Con nada, apenas su verdad, una verdad que ganaba espacio al ritmo del conflicto social, conquistaron un territorio que se había mantenido inexpugnable durante años y atravesado por retrocesos intolerables.
O el caso de los piqueteros de Cutral Có que quemaban junto al fuego de las gomas sus carnets de afiliación al MPN y sin una identidad “superadora” a la cual abrazarse, para dar un salto necesario, urgente, al vacío del enfrentamiento duro sin concesiones, pero sin saber dónde iban a caer. También el de los jóvenes sin carnet partidario que compartían el mismo piquete sin esperar nada más, pero tampoco nada menos, que arrancarle algo al Estado ausentado.
O el de la Correpi, defendiendo a pibes pobres víctimas del gatillo fácil, a los que todavía ni el propio movimiento de derechos humanos tenía en sus cálculos, según recuerda su referente histórica, María del Carmen Verdú:
“De algunos lugares directamente nos echaron al grito de que no vengan con el tema de policías y ladrones. En APDH, por ejemplo, Graciela Fernandez Meijide en persona nos dijo que estábamos planteando un tema de naturaleza policial, de delincuentes.

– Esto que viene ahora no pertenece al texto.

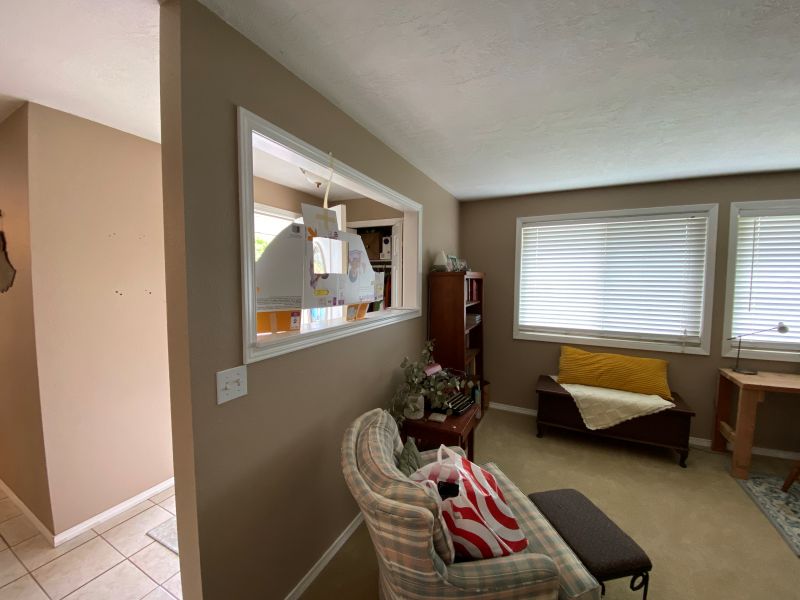 Small entry way and living room separated by a wall, prior to the remodel that increased the space and appeal of the entry, while creating a gorgeous home office.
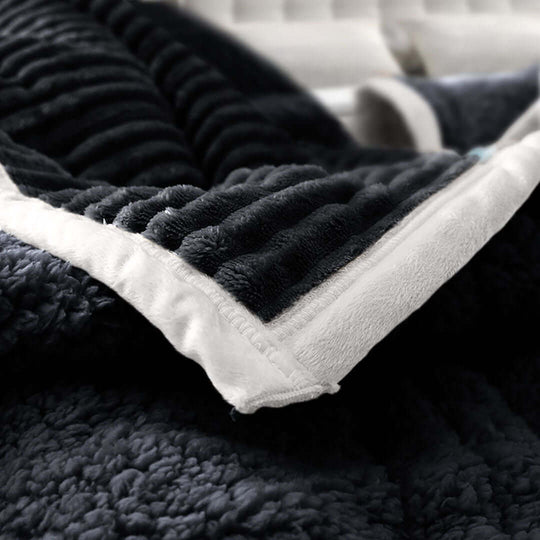 Affordable quality homewares featuring a soft and luxurious dark grey blanket with a white trim, representing value furniture enhancements.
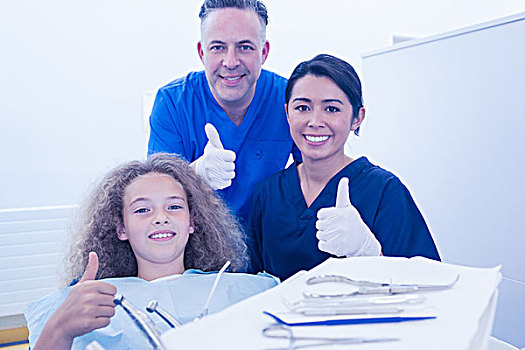 儿科,牙医,协助,小女孩,看镜头,微笑,竖大拇指,牙科诊所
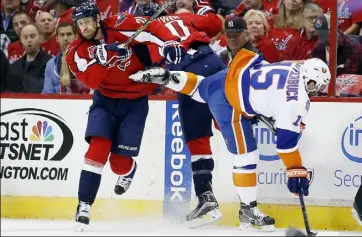  ?? Alex Brandon/Associated Press ?? Washington Capitals center Brooks Laich (21), right winger Troy Brouwer (20) and New York Islanders right winger Cal Clutterbuc­k (15) collide along the boards Thursday. The host Capitals rolled to a big win and 3-2 series lead.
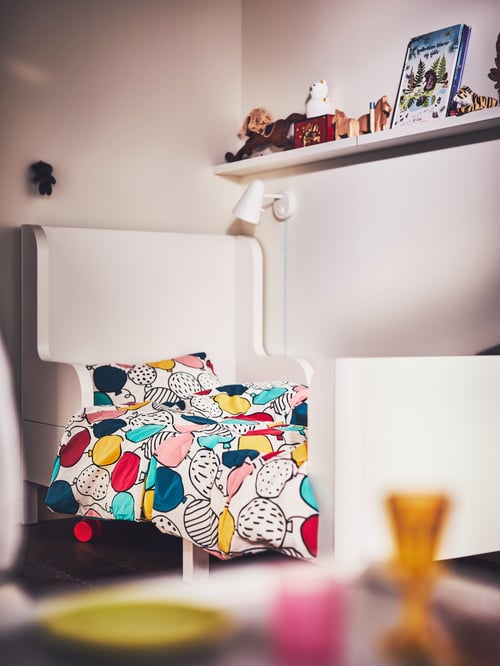 Children’s bedroom with white extendable bed frame and colourful cotton duvet cover and pillowcase set with balloon pattern.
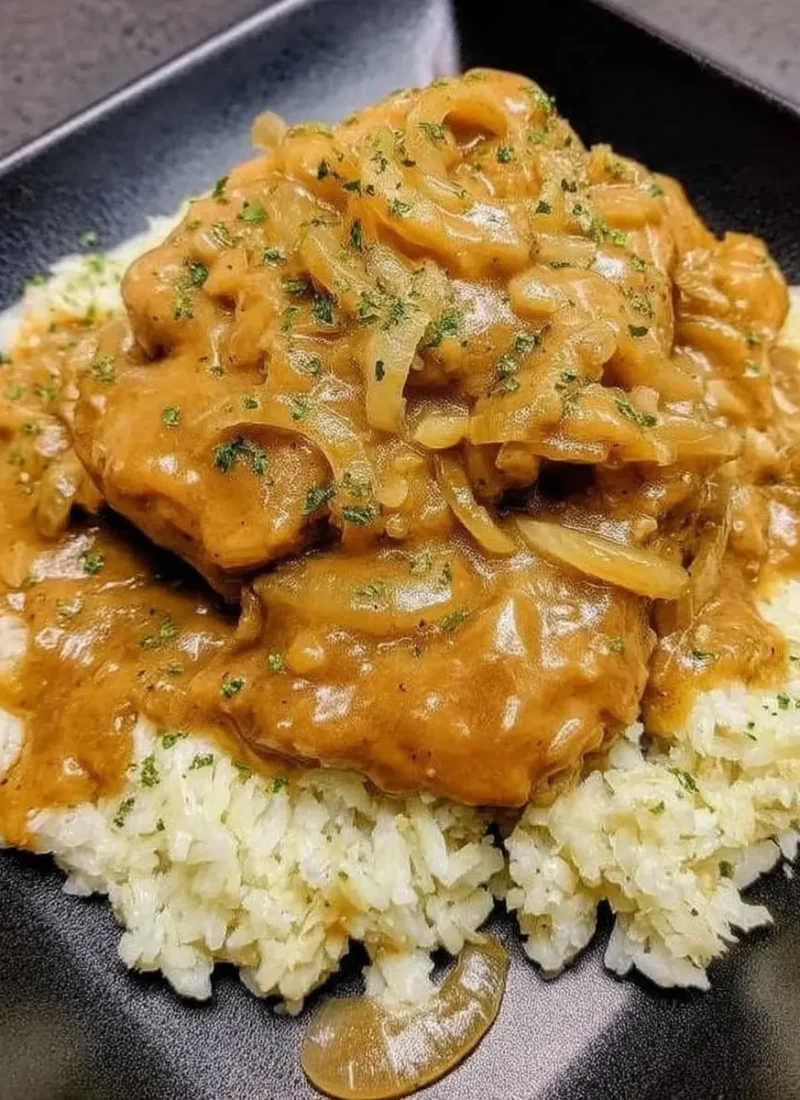 Creamy smothered chicken and rice—pan-seared chicken cutlets blanketed in rich onion gravy, piled high on fluffy white rice.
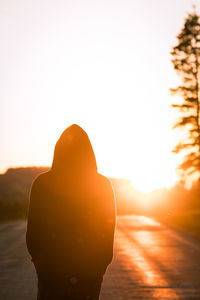 Rear view of silhouette man standing against sky during sunset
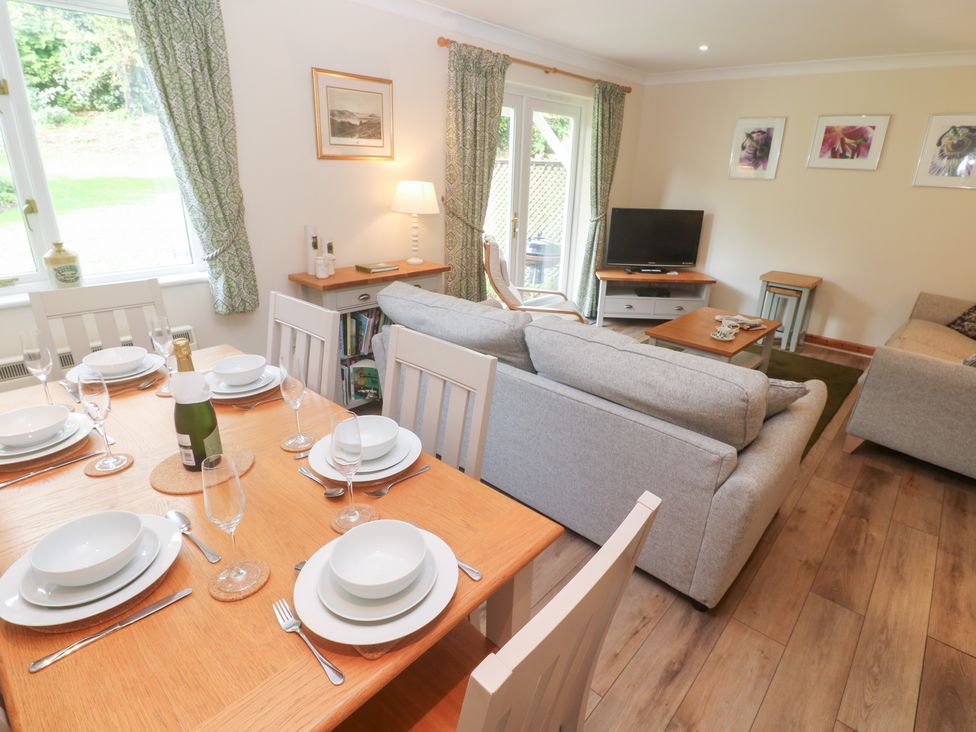 A living room with a dining set and sofa at Sild Cottage in Falmouth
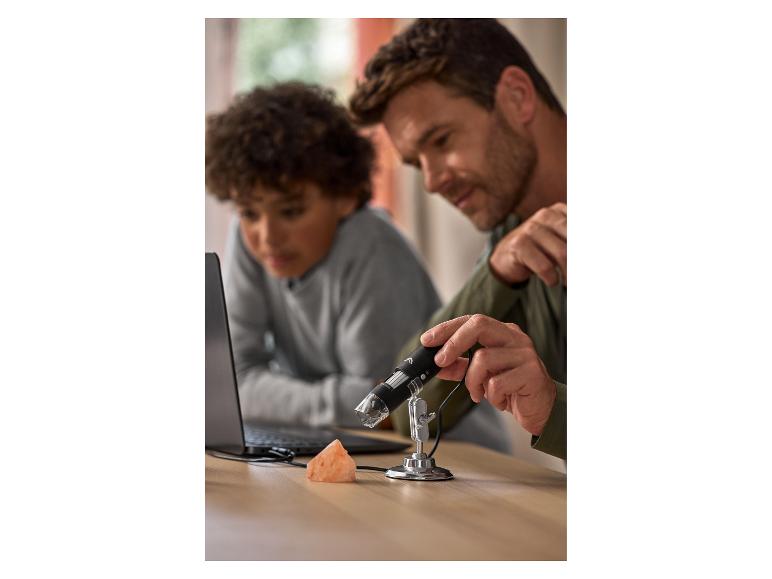 Vater und Sohn untersuchen einen rosa Stein mit einem Digitalmikroskop.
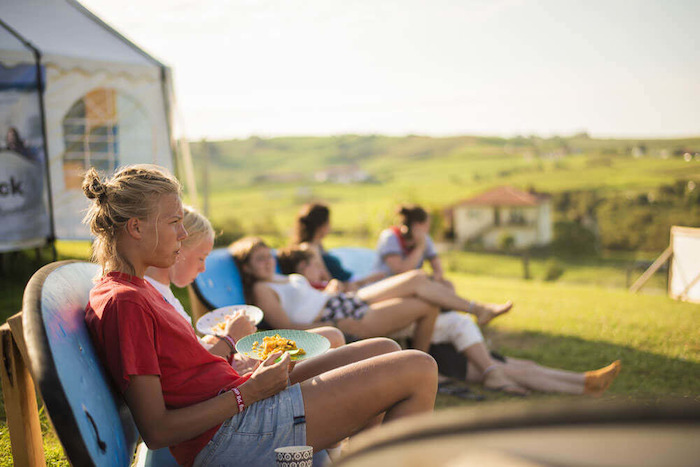 Meisjes eten in de zon tijdens het surfkamp in Spanje tijdens een jongerenreis spanje surfkamp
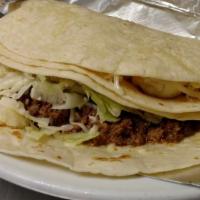 Soft Tacos (3) · Soft flour tortillas filled with ground beef or chicken, lettuce and cheese.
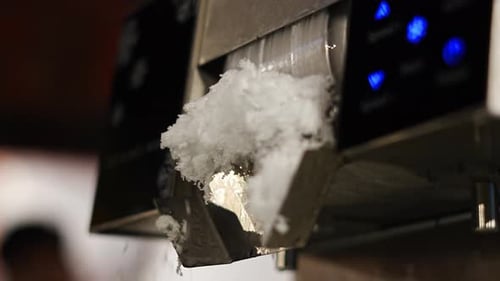 Close-up video of an ice making machine producing crushed ice flakes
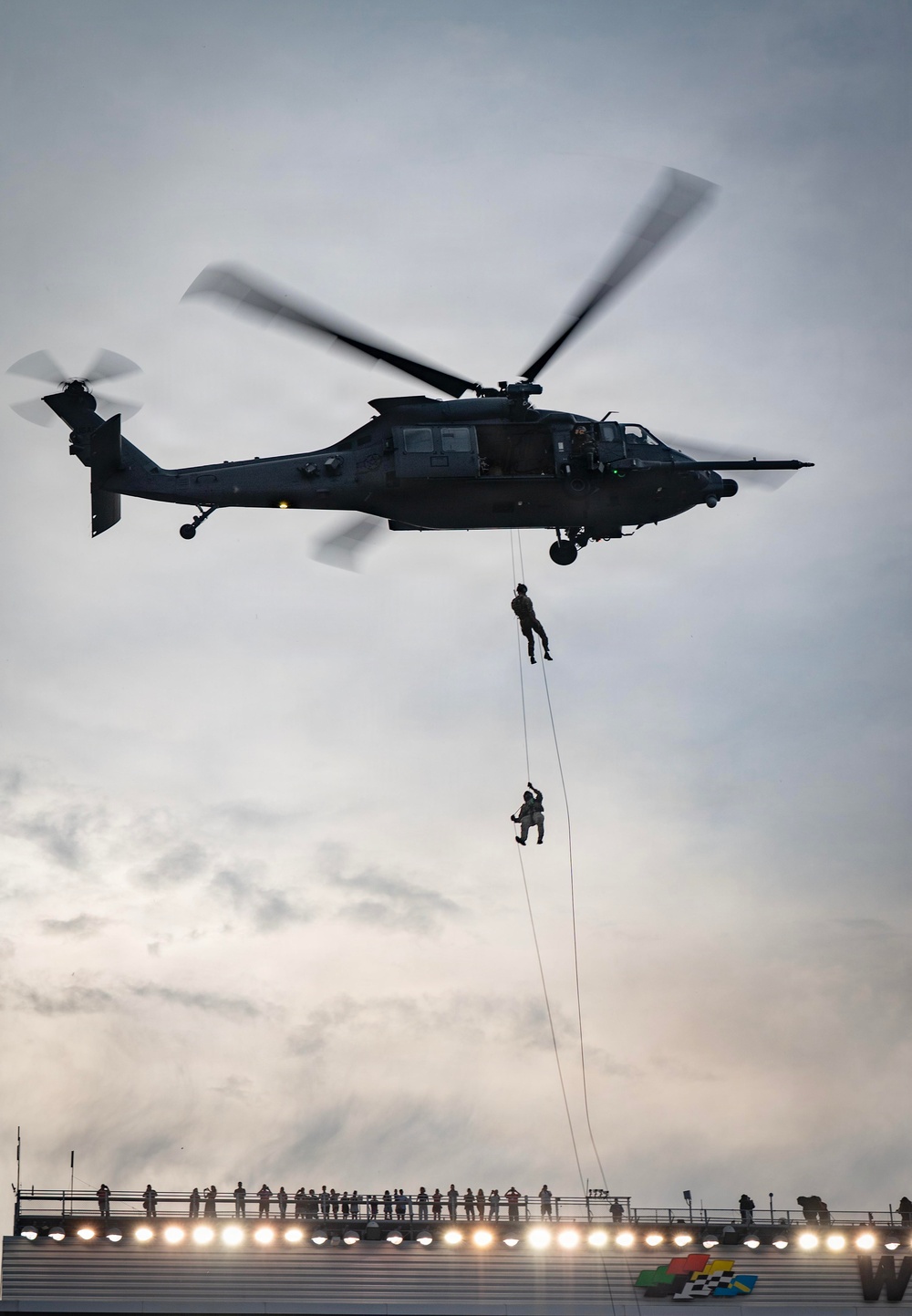 A military helicopter, appearing to be a Sikorsky UH-60 Black Hawk or similar variant, hovers over what appears to be a racing stadium or grandstand area. Two personnel are suspended on ropes beneath the aircraft, performing what appears to be a fast-rope or rappelling demonstration. Spectators are visible along the top of the grandstand structure below, watching the aerial display.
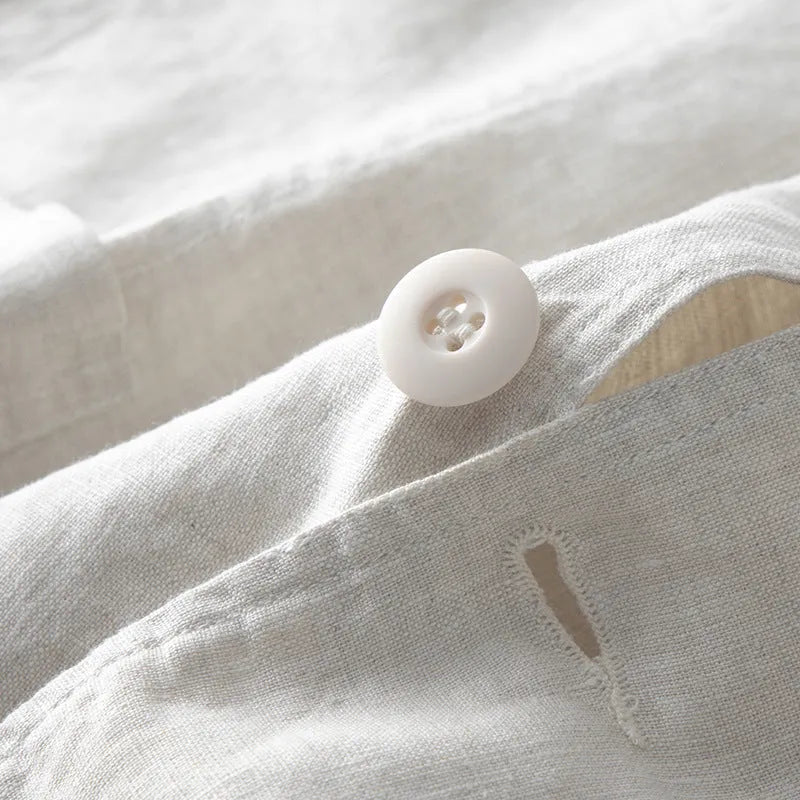 Men's loose fit linen suit jacket in a solid colour on a hanger, showing casual long sleeve design.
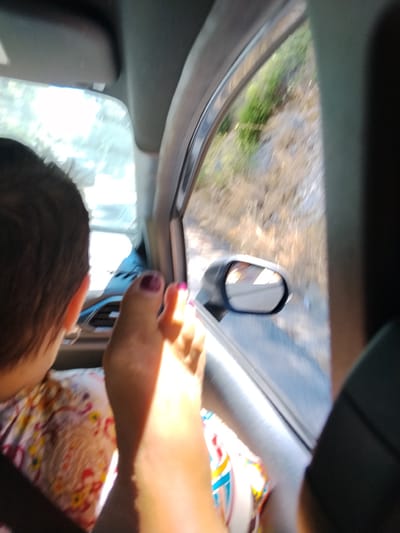 The image shows a person's foot resting on a car's dashboard, with the person's head visible in the background, looking forward. The foot has dark purple nail polish on the toenails. The scene appears to be inside a vehicle, with a view of the exterior through the window, suggesting the car is in motion. The exterior view shows a dry, hilly landscape with vegetation, consistent with the terrain found around Mattinata, Italy. The sunlight suggests it is daytime. The interior of the car is partially visible, including part of the dashboard and the car's side mirror reflecting the passing scenery.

En otros lugares, el planteo intento ser un poco más intelectual, nos dijeron, por ejemplo, que nosotros estábamos cometiendo un error de concepto al caracterizar como víctimas de una violación de derechos humanos cometida por el Estado a los tres pibes de Budge que eran tres morochos tomando cerveza en una esquina, porque no eran militantes revolucionarios como sus hijos”. [6]
El 20 de diciembre de 2001 fue con todos estos registros presentes, la insurrección posible, la insurrección de una nueva generación que había comenzado a demostrar su creciente activismo desde la segunda mitad de los noventa y por eso, la forma de pasar al nivel siguiente: la política ejercida por sus propios dueños.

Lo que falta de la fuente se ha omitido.